Çok iyi bir teknik direktör olan Schuster Türkiye'ye teknik direktör olarak geldiğinde bu ülkenin olmazsa olmazı olan ilişki yönetimi konusunda yeterli olmadığından doğrudan sınıfta kaldı. Hatta bir antremanda görülmemiş bir şey oldu. Bir oyuncusu ona kafa atmaya bile kalktı. Tam bir iletişim faciasıydı. Daum ise bizden biri olmaya çalıştı ve ilişki yönetimi ile şampiyonluklarla taçlanan başarılar kazandı.
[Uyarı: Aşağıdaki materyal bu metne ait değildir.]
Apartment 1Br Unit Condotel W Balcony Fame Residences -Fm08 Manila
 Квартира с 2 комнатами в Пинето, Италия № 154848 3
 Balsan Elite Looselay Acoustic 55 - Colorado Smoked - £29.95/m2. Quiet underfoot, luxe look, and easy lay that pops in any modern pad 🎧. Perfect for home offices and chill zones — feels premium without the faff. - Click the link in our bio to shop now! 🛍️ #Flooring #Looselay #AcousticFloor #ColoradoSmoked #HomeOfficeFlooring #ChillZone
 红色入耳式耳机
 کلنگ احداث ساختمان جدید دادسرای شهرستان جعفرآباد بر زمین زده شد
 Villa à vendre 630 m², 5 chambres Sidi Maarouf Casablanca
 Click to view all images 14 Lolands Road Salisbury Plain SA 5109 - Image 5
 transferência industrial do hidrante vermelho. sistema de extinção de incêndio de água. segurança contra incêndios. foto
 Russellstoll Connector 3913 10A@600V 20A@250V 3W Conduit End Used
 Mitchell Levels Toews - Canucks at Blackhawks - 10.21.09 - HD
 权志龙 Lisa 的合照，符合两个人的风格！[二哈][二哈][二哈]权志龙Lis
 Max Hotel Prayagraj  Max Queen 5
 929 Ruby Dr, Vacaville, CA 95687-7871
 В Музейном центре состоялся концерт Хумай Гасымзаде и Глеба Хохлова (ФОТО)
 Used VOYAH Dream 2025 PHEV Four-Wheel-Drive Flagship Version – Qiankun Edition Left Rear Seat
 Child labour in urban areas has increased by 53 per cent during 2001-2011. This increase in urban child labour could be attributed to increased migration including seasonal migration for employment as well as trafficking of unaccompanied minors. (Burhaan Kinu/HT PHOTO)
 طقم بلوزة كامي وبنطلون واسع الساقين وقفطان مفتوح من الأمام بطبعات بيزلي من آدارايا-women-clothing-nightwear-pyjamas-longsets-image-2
Tabi iki dünya arasında bu kadar benzerlik yanında az da olsa farklılıklar da mevcut

Aynı iş kolunda birbirinizden çok şey öğrenerek, farklı sinerji ve kazanımlar yaratmak, aynı toprakta farklı çiçekler yetiştirmek her ne kadar mümkün olsa da, iş hayatının oyuncuları nedense kazan-kazan oyunlarına pek rağbet etmez. Ağırlıklı oynanan kazan-kaybet oyunudur. Hatta zaman kaybet-kaybet de oynanır.

Futbol ise diğer sporlardan farklı olarak maçları berabere bitebilen tek spor dalıdır.

Diğer sporların hepsinde bir taraf diğerini yenmek zorundadır.

Futbolda ise berabere kalmak bahisçilerin koyduğu bir seçenek midir bilinmez ama, aslında  iş hayatında da, futbolda da temel amaç; iyi veya kötü oynamak değil de kazanmaktır.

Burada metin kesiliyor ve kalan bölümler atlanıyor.